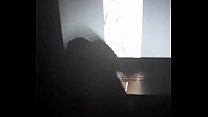 Se masturbando gostoso vendo vídeo no notebook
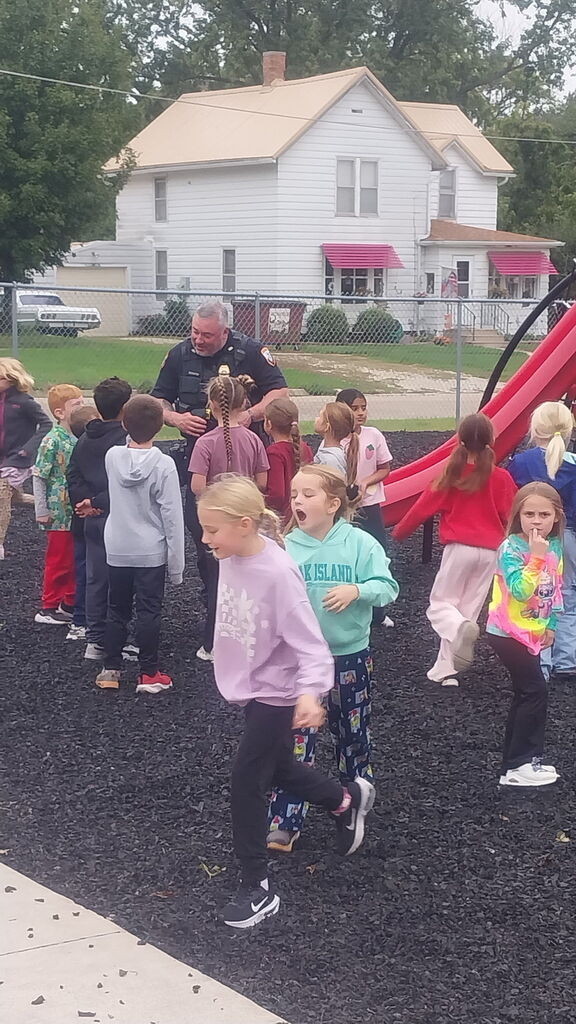 Police Visit to Bryant Elementary Recess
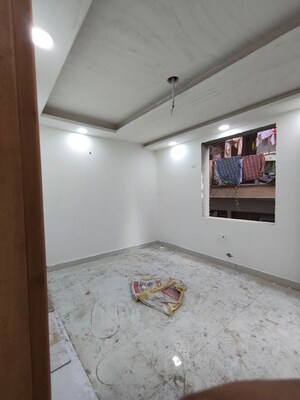 Room in 3 BHK Builder Floor at Govindpuri – for Sale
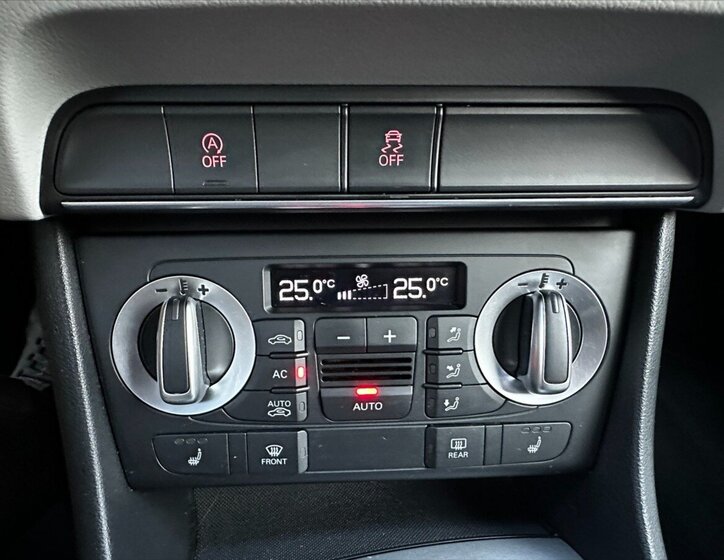 Audi Q3 Kombi 2,0 l 125 kw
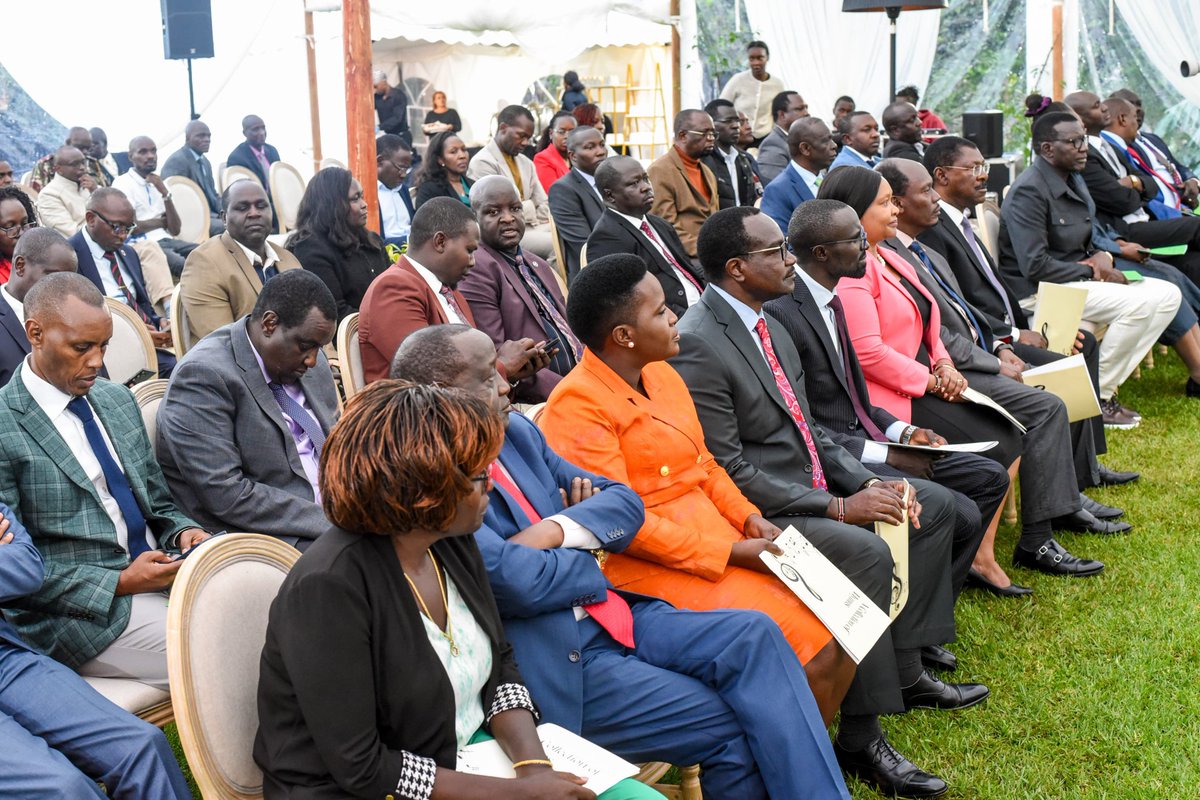 HonJuliusMigos's tweet photo. This afternoon, I joined family and friends in mourning the loss of the father of my colleague, Cabinet Secretary for Roads and Transport Davis Chirchir @davis_chirchir, at his Nairobi residence.

Also in attendance were the Speaker of the National Assembly, Moses Wetangula @HonWetangula, as well as fellow Cabinet Secretaries and Members of Parliament.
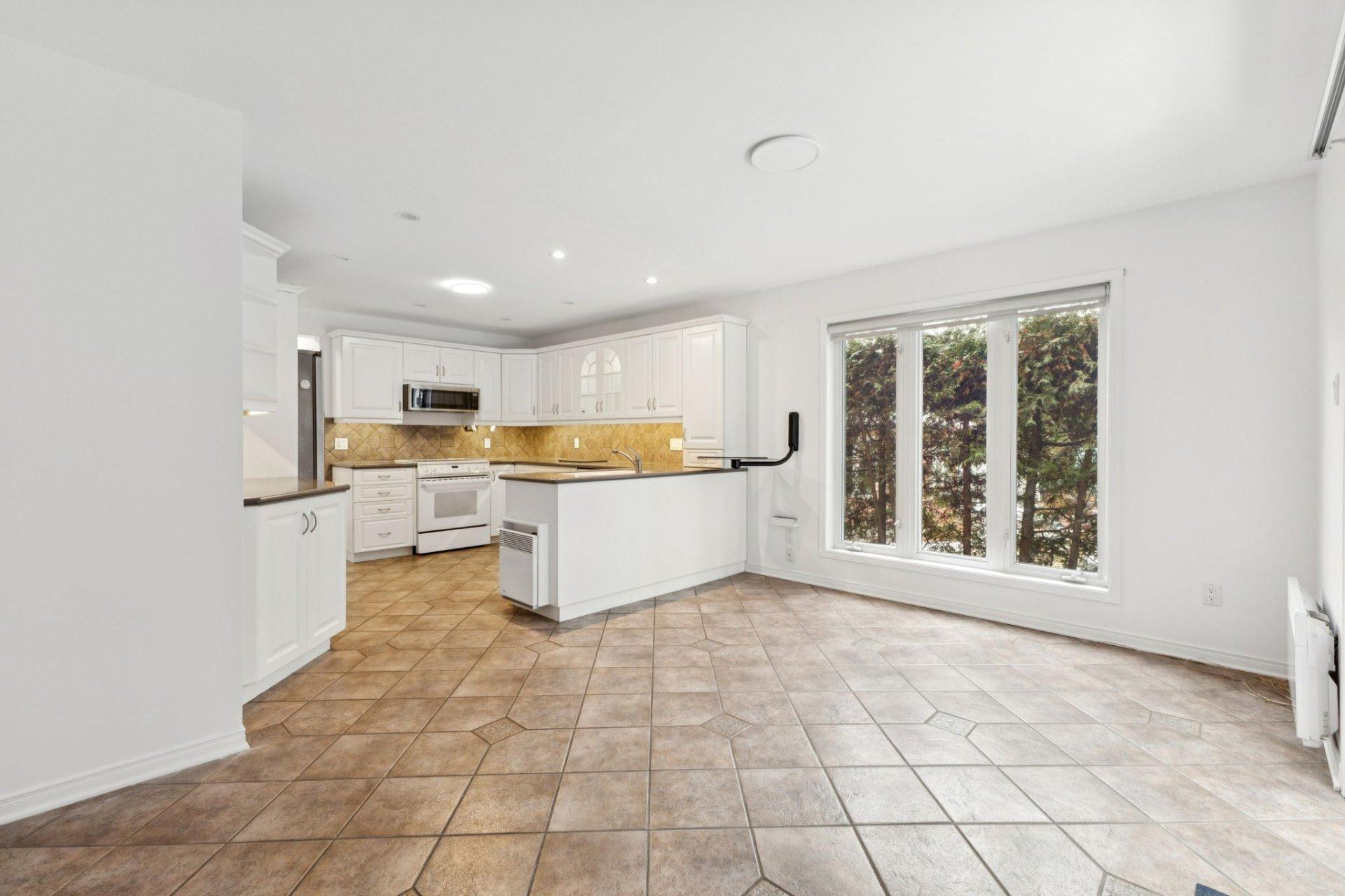 









78


Rue du Père-Bériault

,
Gatineau (Gatineau),




QC
J8V1N2

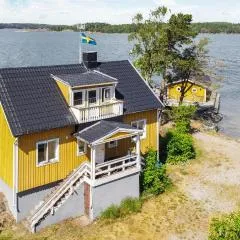 4 Bedroom Amazing Home In Sorunda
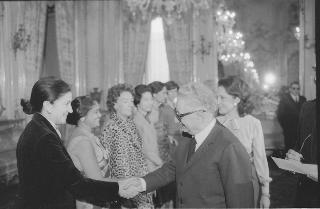 Ricevimento al Palazzo del Quirinale in onore delle Signore del Corpo Diplomatico organizzatrici della Mostra " Natale Oggi " 1975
• • • • • • •
* What the task requires: Print all records word for word, no images.

* Solution for this problem:
 Se masturbando gostoso vendo vídeo no notebook
 Police Visit to Bryant Elementary Recess
 Room in 3 BHK Builder Floor at Govindpuri – for Sale
 Audi Q3 Kombi 2,0 l 125 kw
 HonJuliusMigos's tweet photo. This afternoon, I joined family and friends in mourning the loss of the father of my colleague, Cabinet Secretary for Roads and Transport Davis Chirchir @davis_chirchir, at his Nairobi residence.

Also in attendance were the Speaker of the National Assembly, Moses Wetangula @HonWetangula, as well as fellow Cabinet Secretaries and Members of Parliament.









78


Rue du Père-Bériault

,
Gatineau (Gatineau),




QC
J8V1N2

 4 Bedroom Amazing Home In Sorunda
 Ricevimento al Palazzo del Quirinale in onore delle Signore del Corpo Diplomatico organizzatrici della Mostra " Natale Oggi " 1975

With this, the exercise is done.